Creating, maintaining and enhancing your company's brand identity is becoming increasingly necessary in today's competitive marketplace. The good news is that a well-developed brand can build an impenetrable bond between you and consumers. The bad news is that a well-developed brand means more than a quality product/service and recognizable logo slapped onto everything.
No one, or at least practically no one, disputes the power of a well-positioned and well-executed brand. Developed properly, a powerful brand can 1) result in reduced marketing costs as a result of a higher level of consumer brand awareness and loyalty; 2) allow for higher prices since the brand will have a higher perceived quality; 3) protect against competition; 4) influence purchase behavior; and 5) provide your consumers with a short-cut to their purchase decision.

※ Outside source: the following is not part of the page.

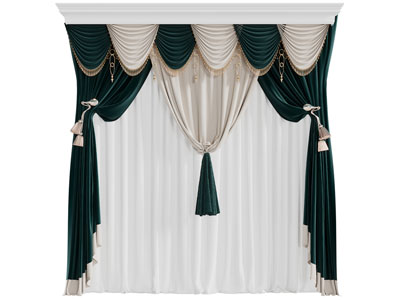 欧式窗帘窗纱3d模型 欧式窗帘窗纱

The problem, however, is that many companies are unaware of what constitutes a well-developed brand. It's more than just a logo or packaging or a slick corporate identity. With today's technology coupled with the importance of relationship marketing, your brand must extend from your receptionist to your sales team to your website to your company's internal bulletin board. Your entire company should be considered your Branding Department. And in order for that to happen, you must set the groundrules for your brand: the words, actions, symbols, sounds, taglines, colors, textures, shapes, names, etc. that represent the tangible and intangible characteristics that contribute to making your offer unique.
Three core exercises that must take place before a brand is properly communicated are: 1) Determine Your Brand Identity: Your brand identity is the set of brand associations that currently reside within the minds of your target consumers. These associations represent what your brand currently stands for and implies the current promise to customers from the organization members. If your Brand Identity does not match what you are currently delivering to your consumers or does not match what your consumers expect from you, then it needs refinement.
2) Conduct a Branding Components Audit: If your company is established, assess your brand's current value versus the expectations of your consumers. It should include a thorough analysis of anything that represents your company's brand identity including corporate stationery, signage, packaging, greetings, fleet, uniforms, etc. Using secret shoppers can help you to see things you otherwise would overlook.
3) Determine your Brand Positioning: Your Brand Positioning is the "market space", within the mind of a consumer, that your brand occupies relative to the competition and along a set of consumer need/perception dimensions. It also represents the part of your brand identity that is to be actively communicated in a way that relevantly sets it apart from your competition.
There is certainly more to developing and maintaining a powerful brand. The key is to avoid taking short cuts simply to have visibility in the marketplace. Hastily subjecting an ill-developed brand to your consumers will prove to be a costly mistake.